Shall We Play?

Earlier this term, I shared through this blog Designing with Teachers: Participatory Approaches to Professional Development in Education, a white paper funded as part of a grant from the MacArthur Foundation and released by the Annenberg Innovation Lab. The report, edited by Erin Reilly and Ioana Literat, featured case studies of innovative professional development initiatives ( Vital Signs, PLAY, Scratch, Ask Ansai, the Participatory Assessment Project) with a larger exploration of what it might mean to adopt a more participatory model for working with teachers. Today, we want to expand upon that report with the first of two reports that emerged from our own PLAY (Participatory Learning and YOU!) project, discussing core insights we derived from a year-long program working with teachers in the Los Angeles Unified School District to develop more participatory approaches in their classrooms. The teachers spaned both grade-levels and curricular categories, allowing us to develop new approaches together that work in a variety of contexts.

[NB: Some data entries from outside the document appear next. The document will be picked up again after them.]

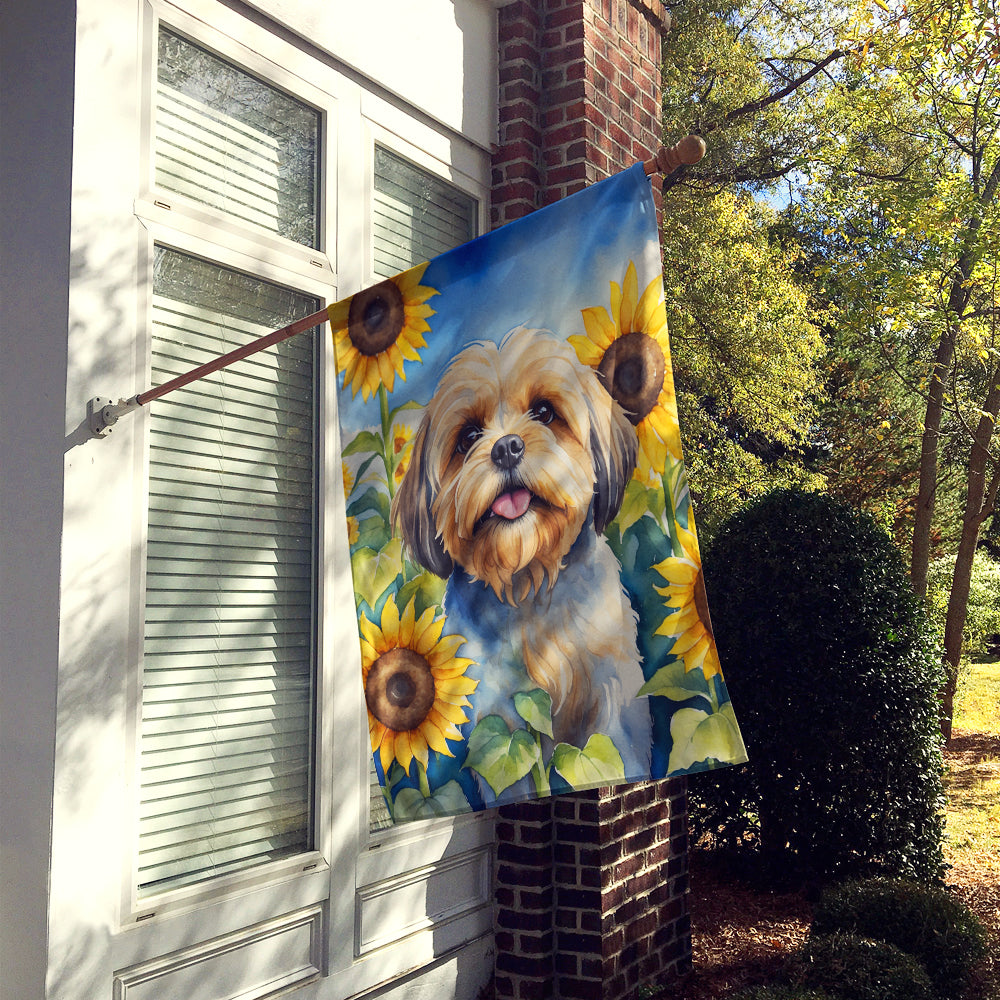 Lhasa Apso in Sunflowers House Flag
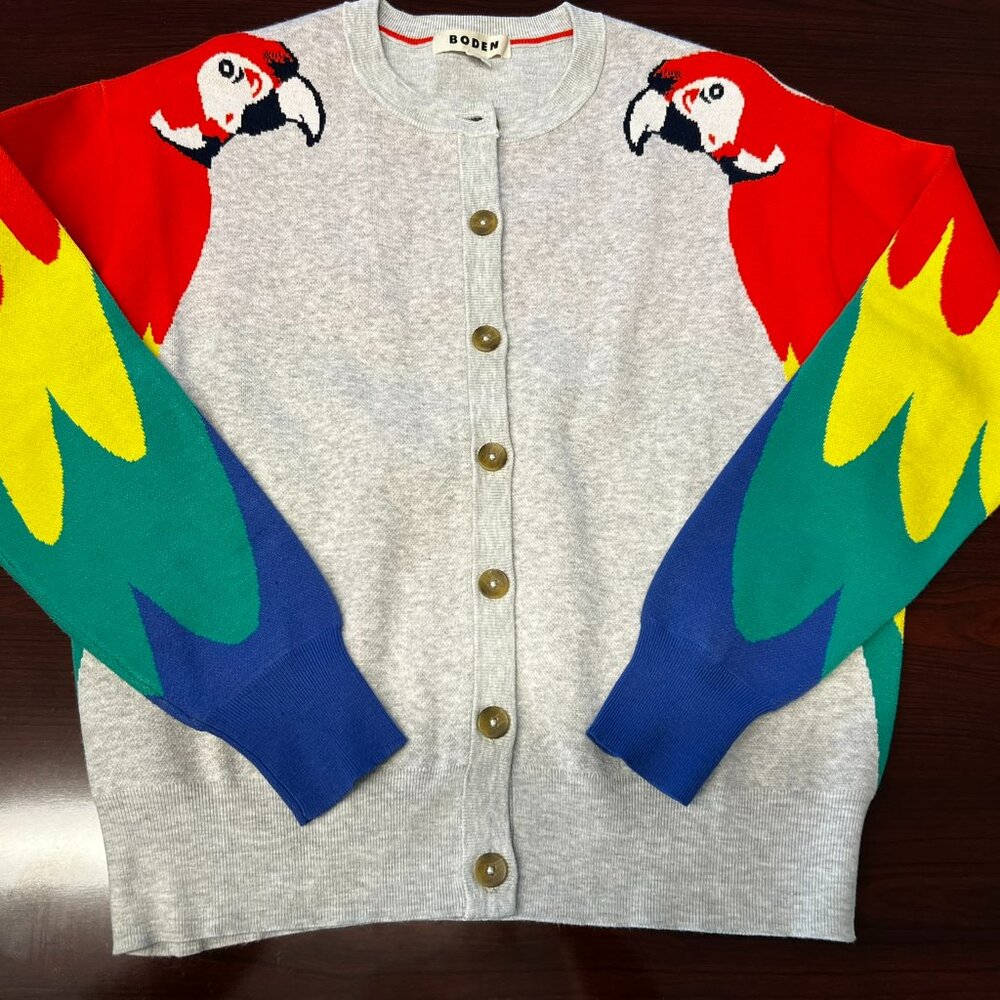 Boden Gray Cardigan Sweater with Red, Yellow, Green & Blue Parrot Sleeves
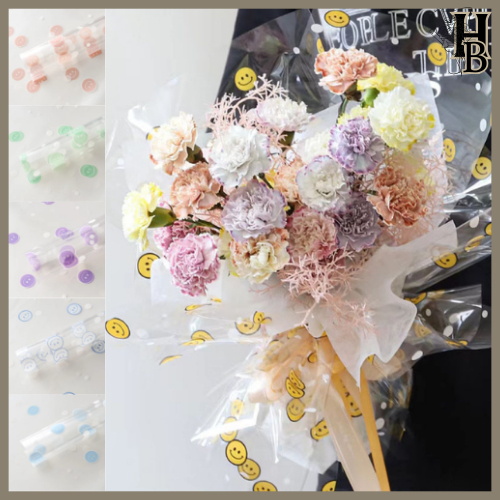

20 LEMBAR Kertas Buket Smile Cellophane Flower Wrapping KB64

The first of these reports, Shall We Play?, was written by Erin Reilly, Henry Jenkins, Laurel Felt and Vanessa Vartabedian. It represents a revisiting of my original MacArthur white paper, Confronting the Challenges of a Participatory Culture, and lays out what we see as core principles for participatory learning.  It includes some core reflections on what has happened in the Digital Media and Learning movement over the past six years as we have sought to bring a more participatory spirit to those institutions and practices that most directly touch young people's lives.